Let $(\Omega, \mathcal{F}, P)$ be a probability space, $X$ an integrable random variable, $\mathcal{G} \subset \mathcal{F}$ a $\sigma$-field. The conditional expectation of $X$ given $\mathcal{G}$ is by definition the unique random variable $Y$ which is $\mathcal{G}$-measurable and satisfies $E[Y;A] = E[X;A]$ for all $A \in \mathcal{G}$. Proving the uniqueness of $Y$ is easy, but existence is harder. I am looking for a nice existence proof with minimal prerequisites.
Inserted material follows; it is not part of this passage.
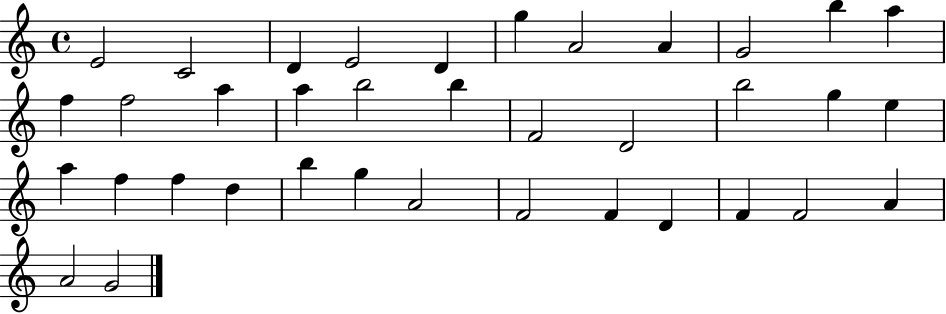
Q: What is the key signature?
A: C major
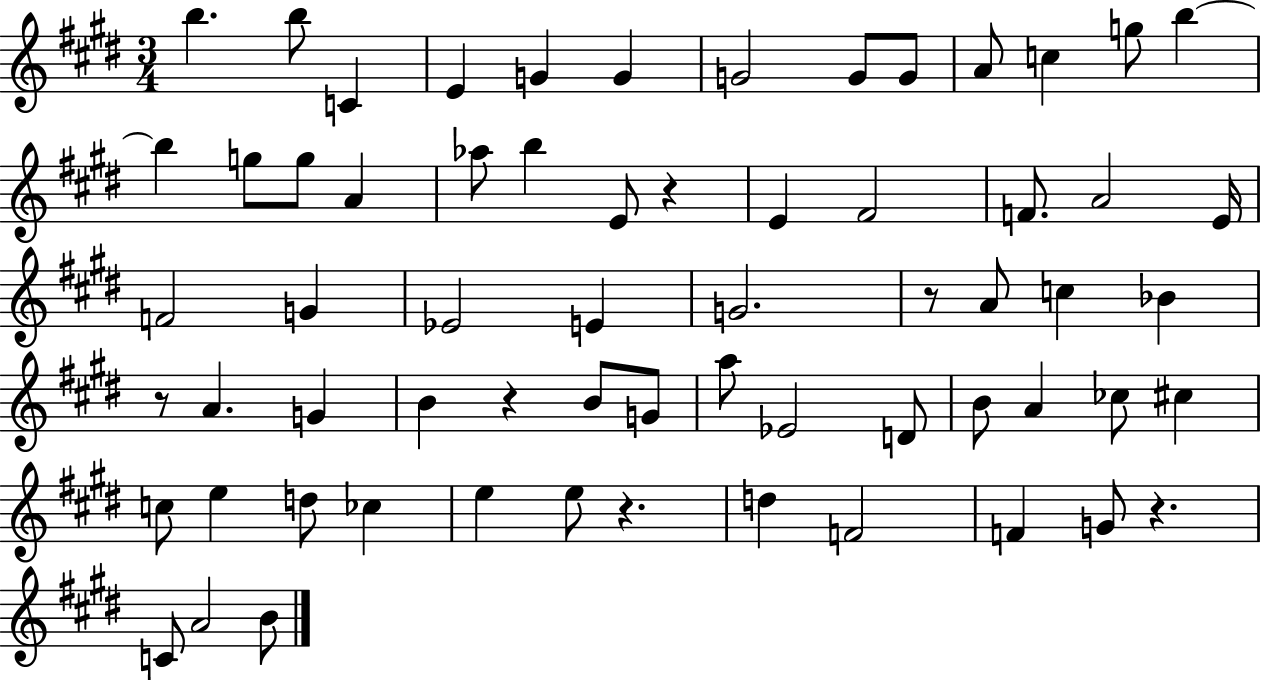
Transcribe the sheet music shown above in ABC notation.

The traditional proof is to invoke the Radon-Nikodym theorem: the signed measure $\nu(A) = E[X;A]$ on $(\Omega, \mathcal{G})$ is absolutely continuous to $\mu = P|_\mathcal{G}$, so take $Y$ to be the Radon-Nikodym derivative, and it clearly has the desired properties. But the proofs I know of the Radon-Nikodym theorem, while elementary, are somewhat involved (at least 2 pages, even if you only do the absolutely continuous case).
Another proof is to first take $X$ with finite variance, and note that $K = L^2(\Omega, \mathcal{G}, P)$ is a closed subspace of the Hilbert space $H = L^2(\Omega, \mathcal{F}, P)$; then take $Y$ to be the orthogonal projection of $X$ onto $K$. Again, it is then easy to see that $Y$ has the desired properties. But this is not as suitable for students with no functional analysis background. You can develop the necessary facts from scratch but it's a little tedious.
So I am wondering if anyone knows of a simple proof, preferably using only basic measure theory and probability facts.